Edito
09H00 - dimanche 20 octobre 2019

La chronique dominicale de Michel Taube : à quelle Pologne faisons-nous face ?

 

Tandis qu’en Hongrie Viktor Orban connaissait son premier revers électoral d’envergure en perdant la municipalité de Budapest et d’autres villes lors des municipales du 13 octobre (à la faveur, tout de même d’une alliance contre nature entre socialistes et anciens néo-nazis du Jobbik), les Polonais, eux, ont reconduit – et renforcé, la majorité sortante.

Enfin pas tout à fait…

Dimanche 13 octobre 2019, nous avons vécu des élections à l’image de la Pologne telle qu’elle est : ultraconservatrice avec une bonne dose de modernité. Le PIS,Droit et Justice, parti au pouvoir depuis 2014, a remporté la majorité absolue aux élections législatives avec 239 des 460 sièges à la « Sejm », la chambre basse.

Les libéraux de la Plateforme civique (PO) et ses alliés sont en net recul à près de 27%. Le parti de gauche Lewica fait 12,5 %. L’extrême droite de Konfederacja récolte 1,2 million de voix et entre pour la première fois au Parlement avec 11 élus. Sorte d’AFD polonaise, bon nombre de ses dirigeants sont ouvertement antisémites.

Le taux de participation à une élection qui était présentée comme la plus importante depuis le premier scrutin post-communiste de 1989 est très élevé à 61%. Ce qui pourrait donner des ailes aux caciques de Droit et Justice pour renforcer leur politique d’affaiblissement des contre-pouvoirs et leur doctrine basée sur la nation et la famille (la création d’une allocation mensuelle de 500 zlotis pour le deuxième enfant, qui augmente de plus de 20% le revenu moyen d’une famille modeste, a dû faciliter l’onction populaire.

Le PIS s’est construit sur un mécontentement très profond qui a monté dans les années 90 et 2000. Le PIS a gagné dans toutes les couches sociales (sauf auprès des grands patrons). Il n’est pas la voix des campagnes et des exclus. Passée de 500 000 étudiants en 1989 à 2,5 millions en Pologne (bac +3), le chômage et la précarité règnent parmi eux. Leur seul avenir : partir à l’étranger, rester à la maison et faire des enfants (la baisse du taux d’activité des femmes est criante) ou se contenter de contrats courts, ce que les Polonais appellent les contrats poubelle.

Cette colère sociale a fait le succès du PIS qui, il faut bien le mesurer, a gagné sur le centre droit (PO) et non sur l’extrême droite.

Il a aussi gagné sur la division de ses adversaires : en effet, au Sénat, le PIS a perdu sa majorité à une voix près. Pour une seule raison : les opposants au PIS ont présenté un candidat unique contre le pouvoir dans chaque circonscription. Contrairement à la Chambre basse. Le Sénat pourra retarder le vote de certains projets de loi mais le parti de Jaroslaw Kaczynski, l’homme fort de la Pologne, conserve les rênes de la Pologne.
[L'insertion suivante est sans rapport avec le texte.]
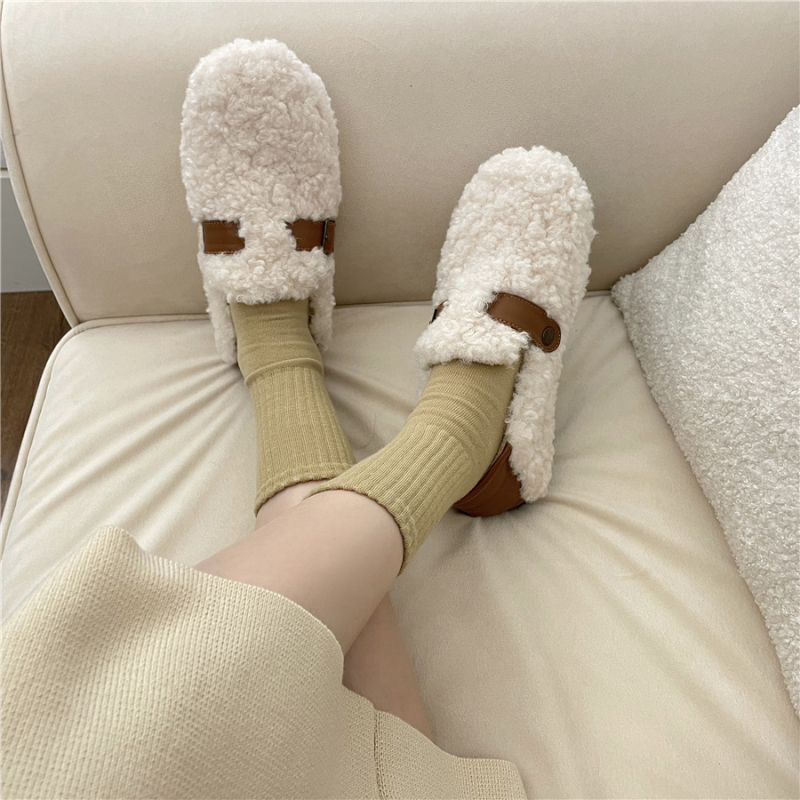 Ženske slip-on cipele od brušenog velura s flis unutranjom, slip-on, niski gornji dio, okrugli vrh, gumeni potplat (jesen/zima 2025)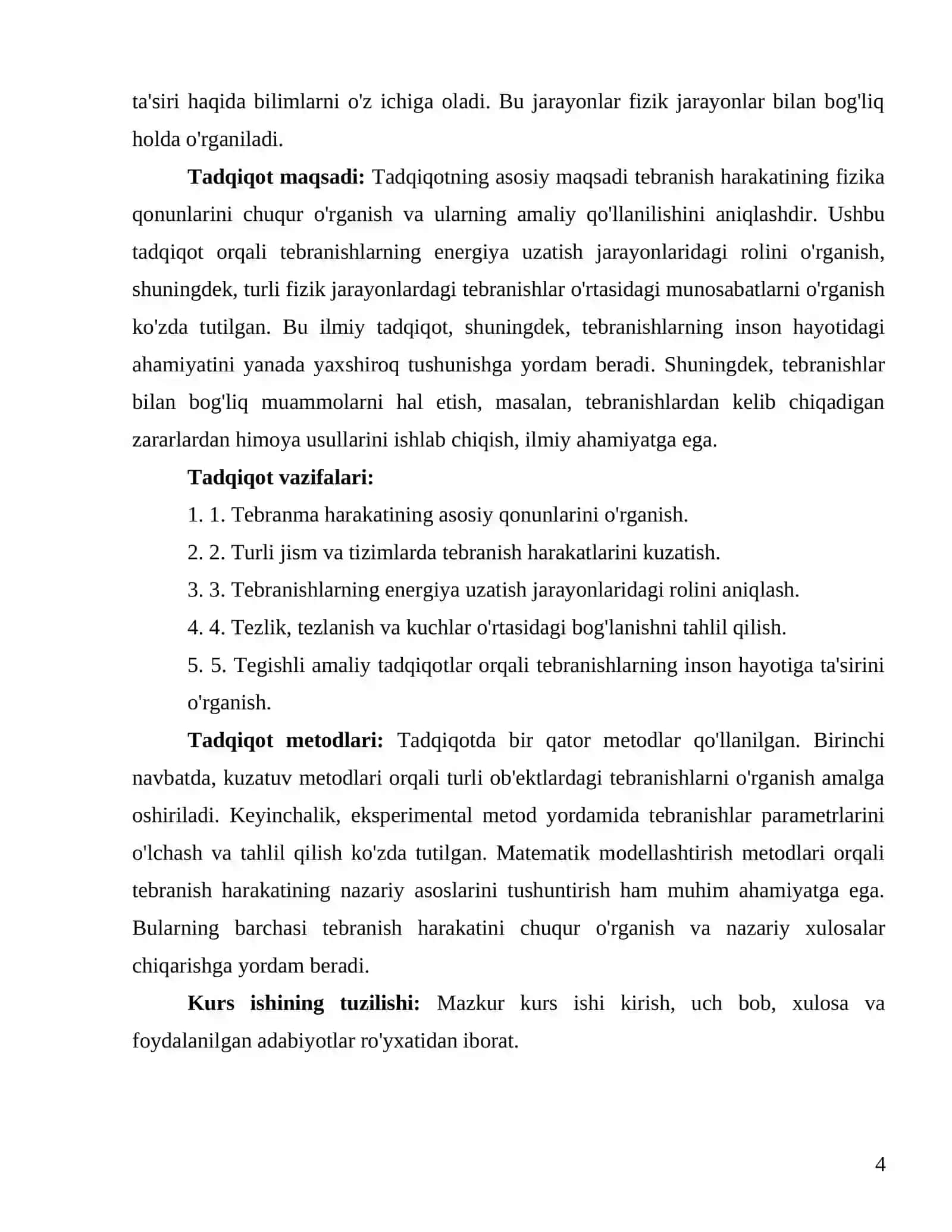 "Tebranma harakat" 4
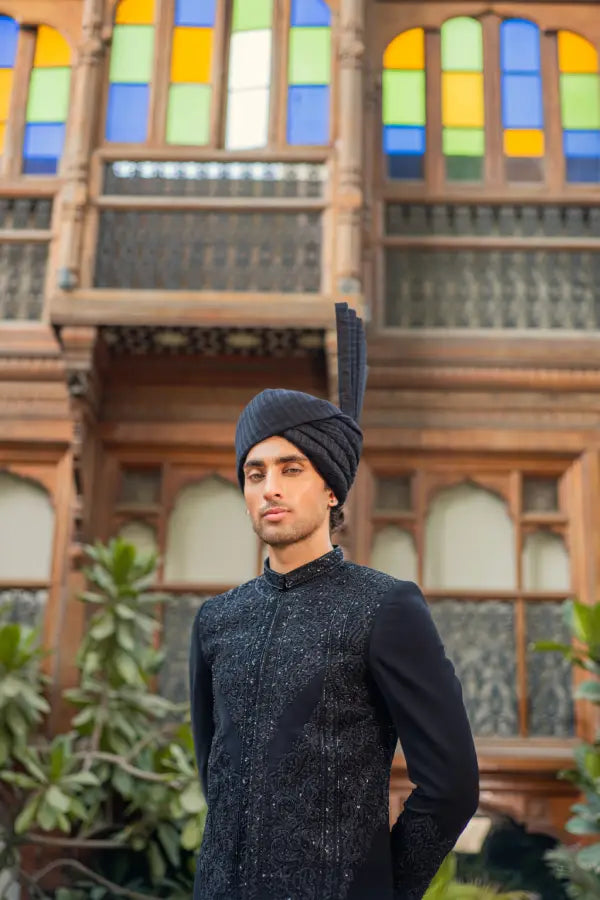 Black Handwork Groom Sherwani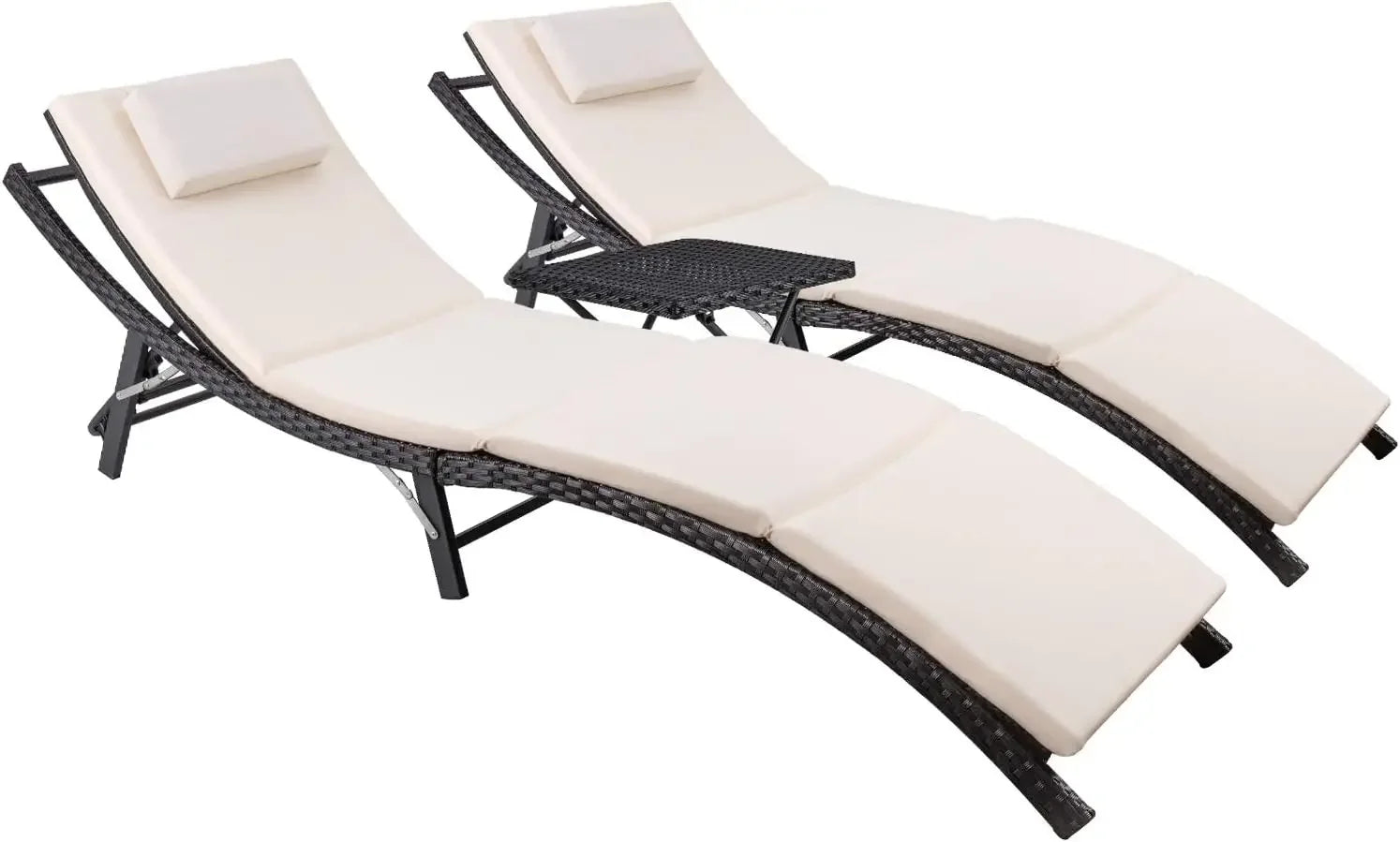 Patio Chaise Lounge Sets Outdoor Rattan Adjustable Back 3 Pieces Cushioned Patio Folding Chaise Lounge with Folding Table - Jimmys Supplies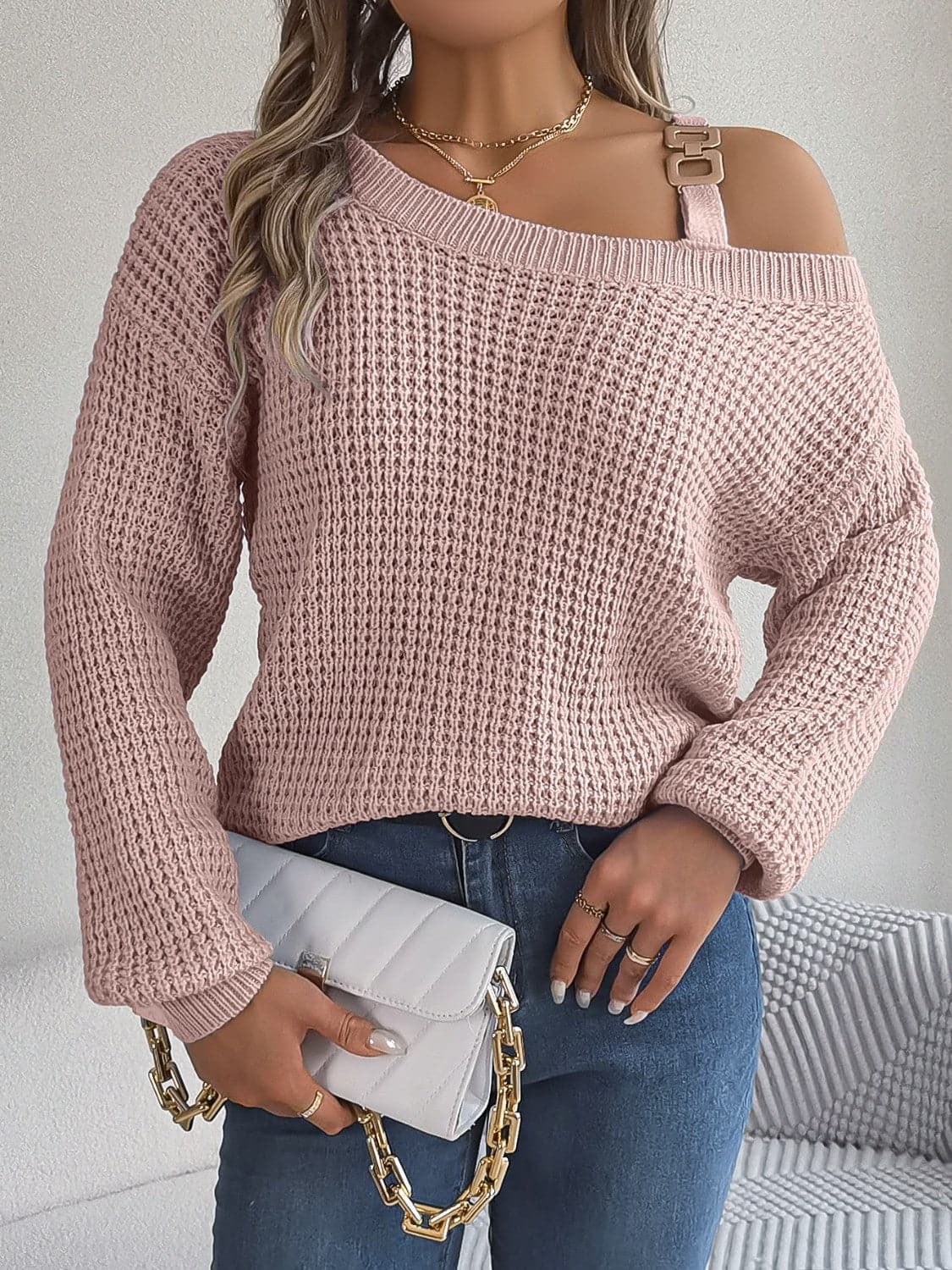 Asymmetrical Neck Long Sleeve Sweater.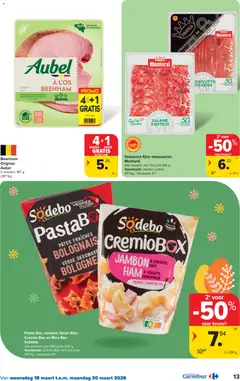 Carrefour folder week 12 - Voorbeeld van een folder van Carrefour, geldig van 18.03.2026 | Pagina: 13 | Producten: Ham, Noedels, NOS, Kaas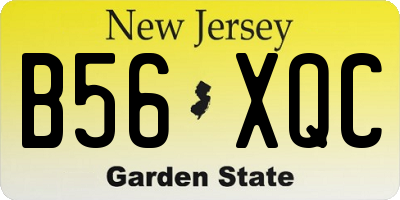 NJ license plate B56XQC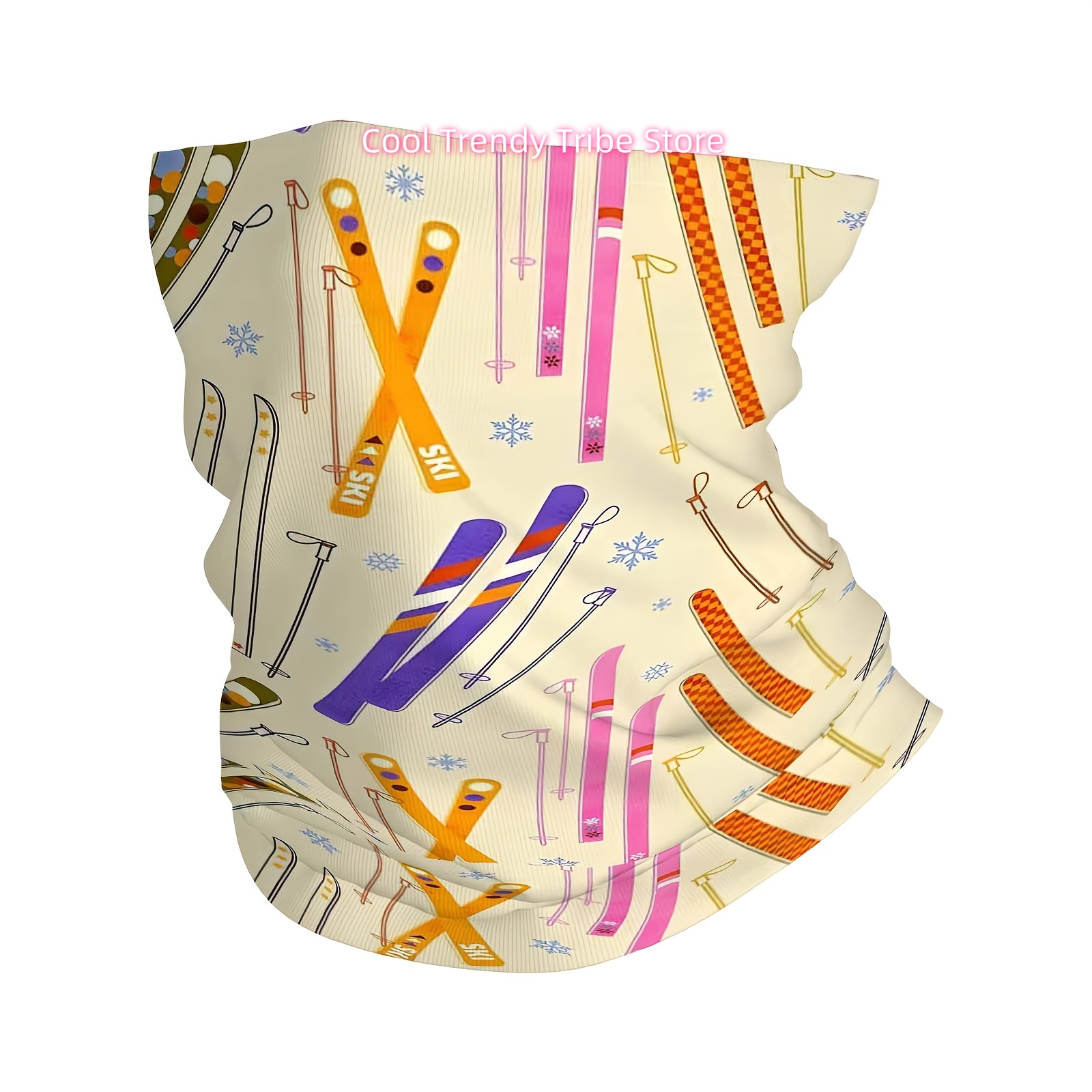 Sports Equipment Background - Winter Sports Equipment, Colorful Skis, Snowflakes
Comme le disaient à l’unisson, le soir de l’élection, les deux spécialistes de la Pologne Tal Bruttmann, historien de la Shoah et de l’antisémitisme, et Jean-Yves Potelécrivain et universitaire, spécialiste de l’histoire de l’Europe centrale et de la Pologne, ainsi que Anna C. Zielinska, philosophe polonaise, invités par Corinne Evens, entrepreneuse, artiste bijoutière et présidente de l’Association Européenne du Musée de l’Histoire des Juifs de Pologne POLIN, et Monique Canto-Sperber, philosophe, ancienne directrice de l’ENS et de l’Université de recherche Paris-Sciences-et-Lettres PSL, la Pologne est un pays tout en nuances. Certes, par sa volonté de construire une mémoire de la fierté contre une mémoire de la culpabilité, la Pologne du PIS tord un peu – beaucoup – le récit de son histoire, mais elle est entrée en force dans le XXIème siècle.

Certes, la Pologne d’aujourd’hui, c’est Jaroslaw Kaczynski. Mais c’est aussi Olga Tokarczuk, Prix Nobel de littérature 2018. Le ministre de la culture sortant aura le temps de finir son dernier chef d’œuvre « Les livres de Jakob » (2014). Cette lecture l’inspirera peut-être pour cette nouvelle législature et pour nommer enfin Dariusz Stola, désigné par le comité de sélection comme directeur du musée POLIN, au cœur de Varsovie, et qui attend sa nomination officielle.

Au final, il faudra compter avec la Pologne, poids lourd de l’Europe de l’Est, si l’on veut maintenir le navire chancelant d’une Union européenne fort fragile.